Department of Biochemistry and Molecular Biology II, Institute of Nutrition and Food Technology "José Mataix", Center of Biomedical Research, University of Granada, Granada, Spain.
Instituto de Investigación Biosanitaria ibs.GRANADA, Granada, Spain.
PLoS Comput Biol. 2020 Apr 10;16(4):e1007792. doi: 10.1371/journal.pcbi.1007792. eCollection 2020 Apr.
Until date, several machine learning approaches have been proposed for the dynamic modeling of temporal omics data. Although they have yielded impressive results in terms of model accuracy and predictive ability, most of these applications are based on "Black-box" algorithms and more interpretable models have been claimed by the research community. The recent eXplainable Artificial Intelligence (XAI) revolution offers a solution for this issue, were rule-based approaches are highly suitable for explanatory purposes.
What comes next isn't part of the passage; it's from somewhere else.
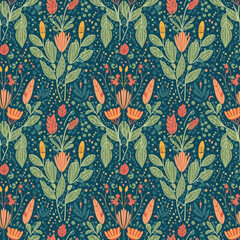 Naklejka na meble Seamless floral pattern with vibrant orange and green botanical elements on a dark teal background.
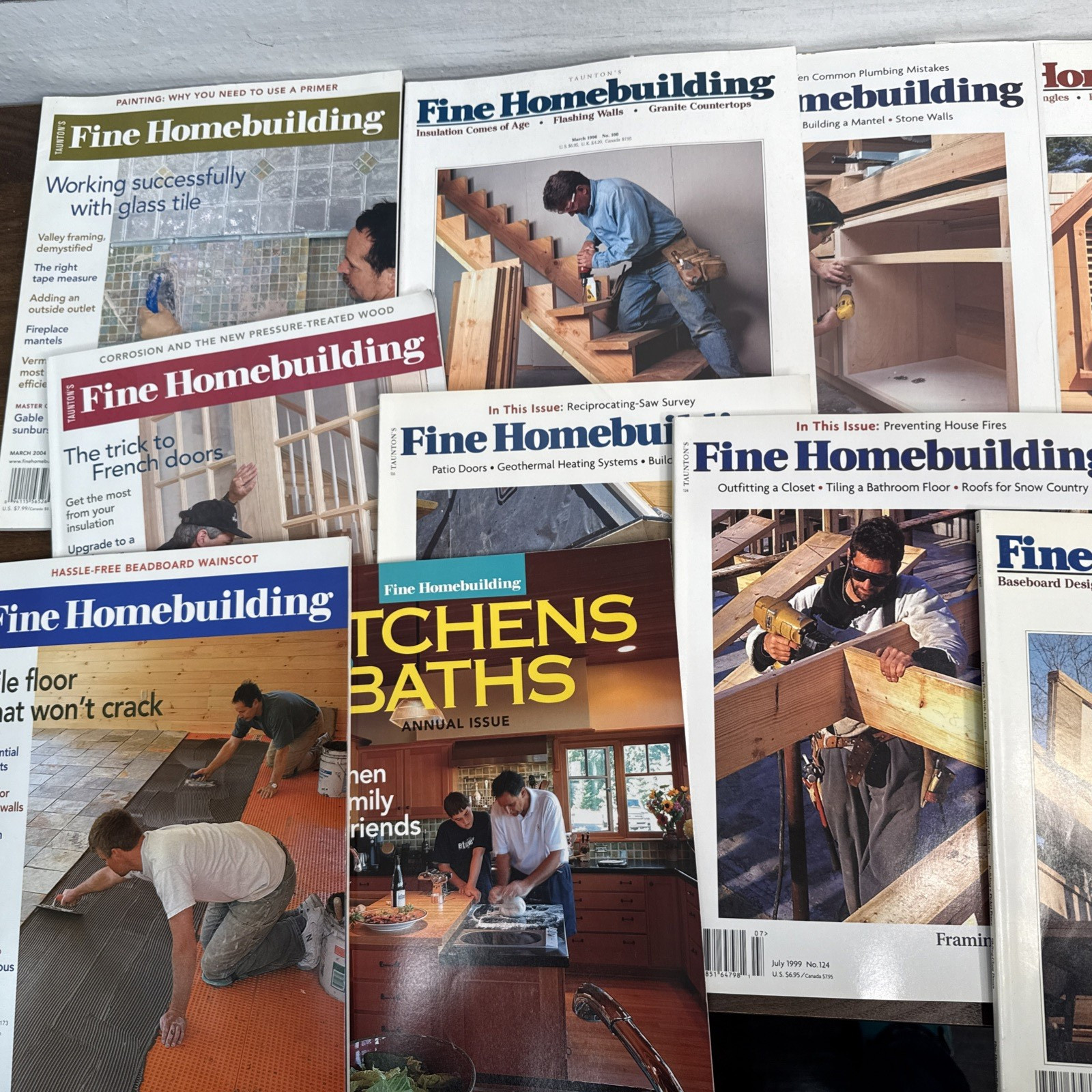 Tauton’s Fine Homebuilding Magazines Lot of 48 Magazines Years 1996-2005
The further integration of the data mining process along with functional-annotation and pathway analyses is an additional way towards more explanatory and biologically soundness models. In this paper, we present a novel rule-based XAI strategy (including pre-processing, knowledge-extraction and functional validation) for finding biologically relevant sequential patterns from longitudinal human gene expression data (GED). To illustrate the performance of our pipeline, we work on in vivo temporal GED collected within the course of a long-term dietary intervention in 57 subjects with obesity (GSE77962). As validation populations, we employ three independent datasets following the same experimental design. As a result, we validate primarily extracted gene patterns and prove the goodness of our strategy for the mining of biologically relevant gene-gene temporal relations. Our whole pipeline has been gathered under open-source software and could be easily extended to other human temporal GED applications.
迄今为止,已经提出了几种机器学习方法来对时间组学数据进行动态建模。尽管这些方法在模型准确性和预测能力方面取得了令人印象深刻的结果,但大多数这些应用都是基于“黑盒”算法,研究界声称需要更具可解释性的模型。最近的可解释人工智能 (XAI) 革命为解决这个问题提供了一个解决方案,其中基于规则的方法非常适合解释目的。进一步将数据挖掘过程与功能注释和途径分析相结合,是构建更具解释性和生物学合理性模型的另一种方法。在本文中,我们提出了一种新的基于规则的 XAI 策略(包括预处理、知识提取和功能验证),用于从纵向人类基因表达数据 (GED) 中找到具有生物学意义的序列模式。为了说明我们的管道的性能,我们在 57 名肥胖患者(GSE77962)进行的长期饮食干预过程中收集的体内时间 GED 上进行了工作。作为验证人群,我们使用了三个遵循相同实验设计的独立数据集。结果,我们主要验证了提取的基因模式,并证明了我们的策略对于挖掘具有生物学意义的基因-基因时间关系的有效性。我们的整个管道都是在开源软件下收集的,可以很容易地扩展到其他人类时间 GED 应用。